TreeHouse Foods, the US own-label supplier, is to acquire ConAgra Foods’ private-label businesses in a US$2.7bn deal.
The firm announced today (2 November) it has signed a definitive agreement to buy Ralcorp, ConAgra Foods’ private brands operations. Annual sales of the combined entity will be nearly $7 billion. The transaction is anticipated in the first quarter of 2016.
The transaction will see ConAgra sell will what it called “the vast majority” of its private label operations, including a network of 32 manufacturing facilities in the US, Canada and Italy. ConAgra will keep some private-label operations that it said have “a strong connection” to its existing consumer foods business – including assets in canned pasta, cooking spray and peanut butter. It will also retain frozen pasta products made by Italian unit Gelit, as well as the brand equity, trademark and business portfolios for HK Anderson pretzels and Kangaroo pita chips. ConAgra said the results were “not material” and would be classified with its consumer foods division.
TreeHouse said the acquisition would “meaningfully expand TreeHouse’s presence in private-label dry and refrigerated grocery”.
“Since our founding ten years ago, our strategy has been to drive shareholder value by consolidating supply of private label brands. We offer our customers value without compromise through economies of scale, quality products and superior customer service,” said Sam Reed, chairman and CEO of TreeHouse. “The union of TreeHouse and ConAgra’s private brands business establishes an industry leader in customer brands and custom products with significant scale, scope and skill and enables us to extend our reach in the grocery store by over ten shelf stable and refrigerated food categories. Importantly, the combination will also strengthen our ability to support our customers’ efforts to build their corporate brands and offer consumers the best combination of choice and value.”
Ralcorp, which was acquired by ConAgra in 2012, has been hit by competition and integration issues, which have weighed heavy on the group’s overall performance.

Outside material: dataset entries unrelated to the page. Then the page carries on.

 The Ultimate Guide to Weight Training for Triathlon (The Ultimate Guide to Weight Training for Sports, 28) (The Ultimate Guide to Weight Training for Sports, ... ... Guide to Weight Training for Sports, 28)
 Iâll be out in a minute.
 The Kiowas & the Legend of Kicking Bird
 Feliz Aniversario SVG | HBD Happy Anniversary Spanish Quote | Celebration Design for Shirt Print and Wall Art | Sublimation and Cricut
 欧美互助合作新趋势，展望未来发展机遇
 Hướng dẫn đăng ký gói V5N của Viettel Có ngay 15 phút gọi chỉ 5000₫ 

In ConAgra’s most recent full year results announcement, it recorded a 290.1% drop in operating profit of its private label arm, pushing overall operating profit down 82.2% year-on-year to US$181.5m. Following this, newly-appointed CEO Sean Connolly moved to announce the company was exiting private label.

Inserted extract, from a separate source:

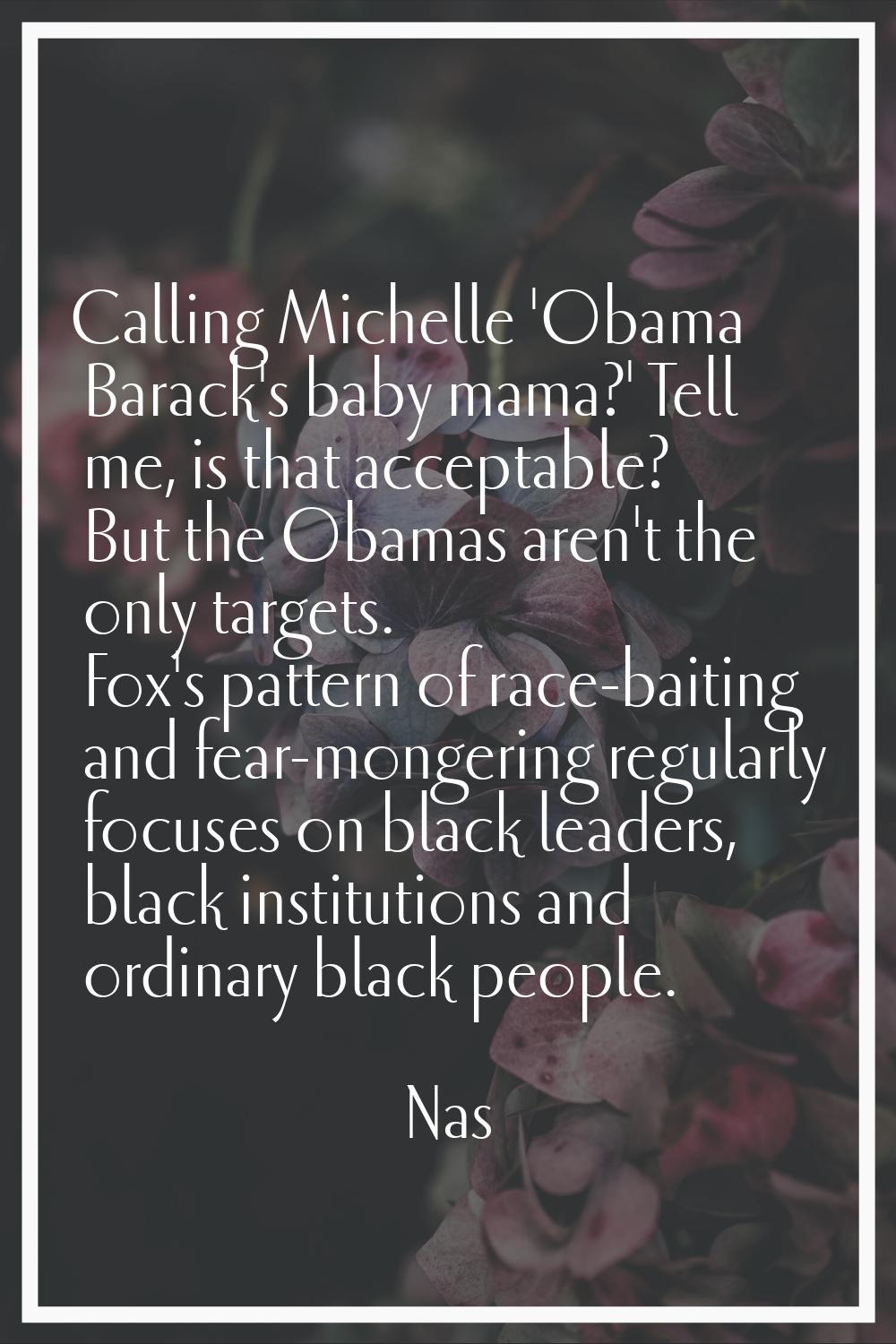 Calling Michelle 'Obama Barack's baby mama?' Tell me, is that acceptable? But the Obamas aren't the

Connolly said: “Today’s announcement follows a robust sale process involving more than 35 potential buyers, including both strategic buyers and financial sponsors. We are confident that the private-label business will be in good hands with TreeHouse Foods, and better-positioned to reach its full potential as part of a focused private-label company.”
TreeHouse expects to incur approximately $100 million in costs associated with transaction fees and issuance costs. It expects the transaction to be dilutive by $0.20-$0.35 in adjusted earnings per share in year one, to contribute $0.55-$0.70 in year two and to be accretive by $1.50-$1.65 in year three.
The company also previewed its third-quarter results and pre-announced sales of $799 million, which compares to sales of $796 million in the third quarter of 2014. TreeHouse expects to report earnings per fully diluted share of $0.64-$0.65 compared to $0.47 per fully diluted share reported for the third quarter of last year.